[TASK TO CARRY OUT]: From the line that includes "Imagen de la" to the last line of the records that follow, copy every line exactly and nothing more, omitting pictures.

(Items from a data source)
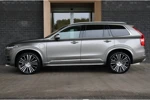 Volvo XC90 T8 AWD Recharge Inscription | Alcantara hemelbekleding | Harman Kardon | 360° Camera | Lederen zonnekleppen en handgrepen | Stan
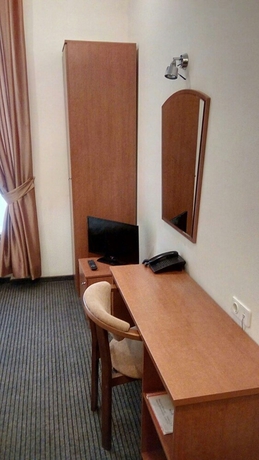 Imagen de la habitación del B&B Rinaldi Art Bandb. Foto 17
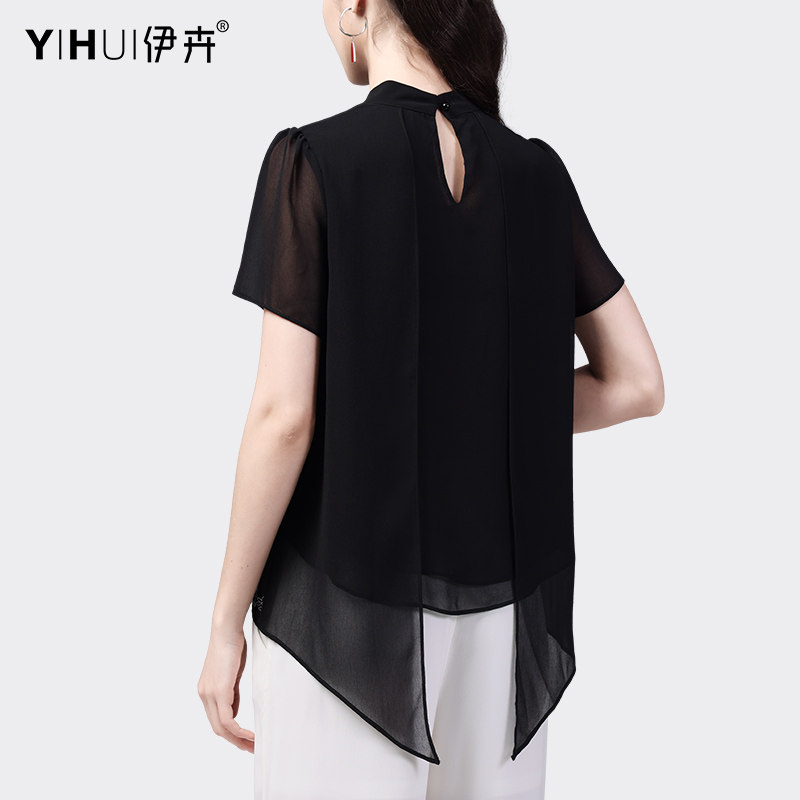  伊卉衬衫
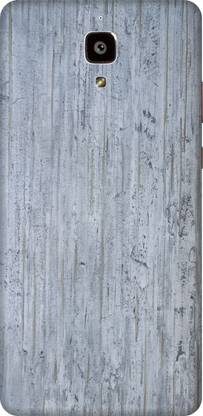 SRG Mi 4 Mobile Skin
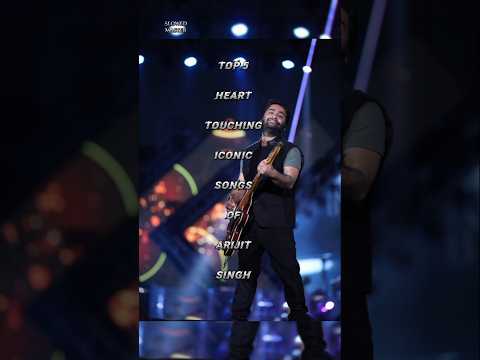 Top 5 Heart Touching Iconic Songs of Arijit Singh | Best Arijit Singh Songs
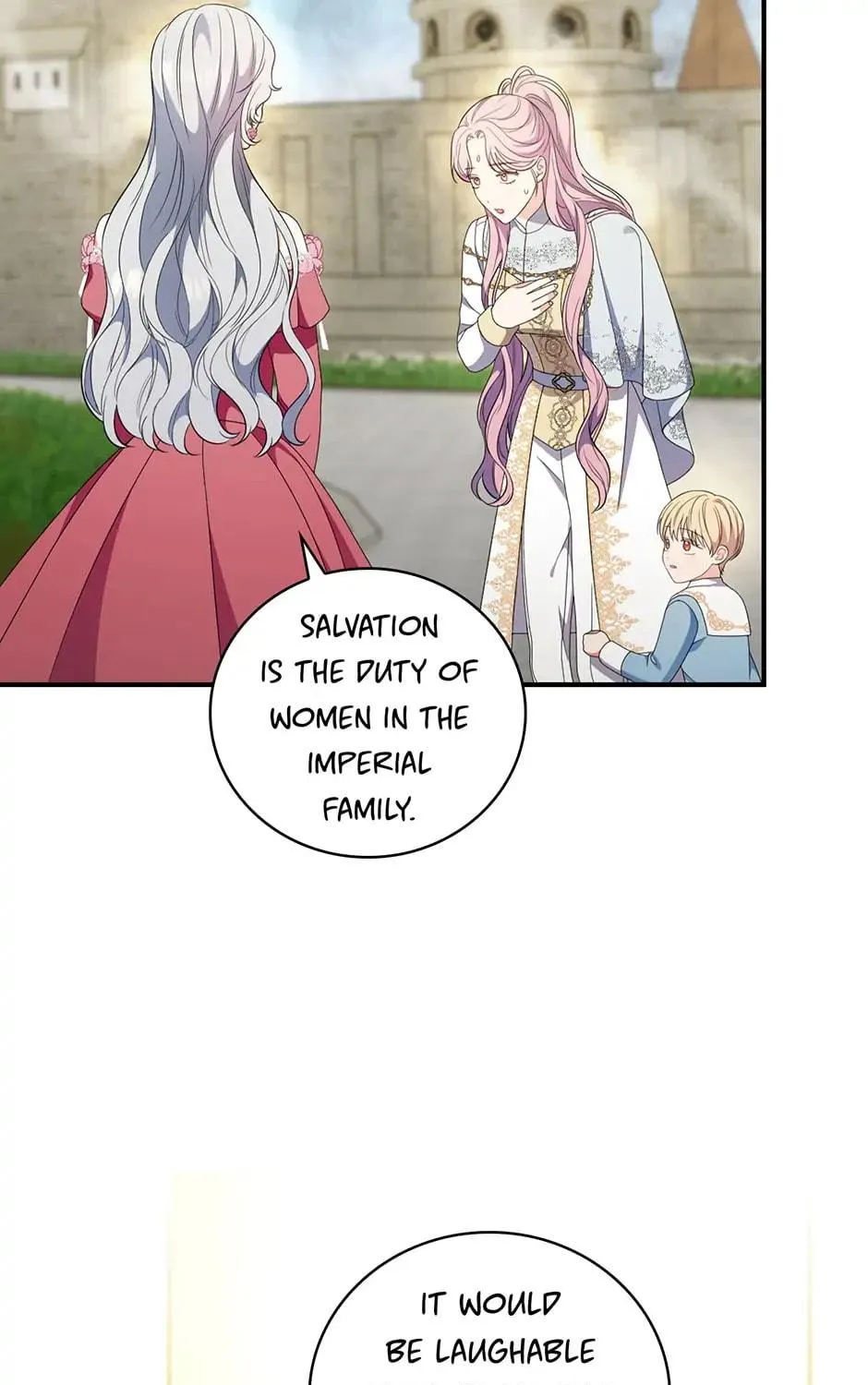 Duchess in the Glass House Chapter 84 page 79 -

[YOUR SOLUTION]:
 Imagen de la habitación del B&B Rinaldi Art Bandb. Foto 17
  伊卉衬衫
 SRG Mi 4 Mobile Skin
 Top 5 Heart Touching Iconic Songs of Arijit Singh | Best Arijit Singh Songs
 Duchess in the Glass House Chapter 84 page 79 -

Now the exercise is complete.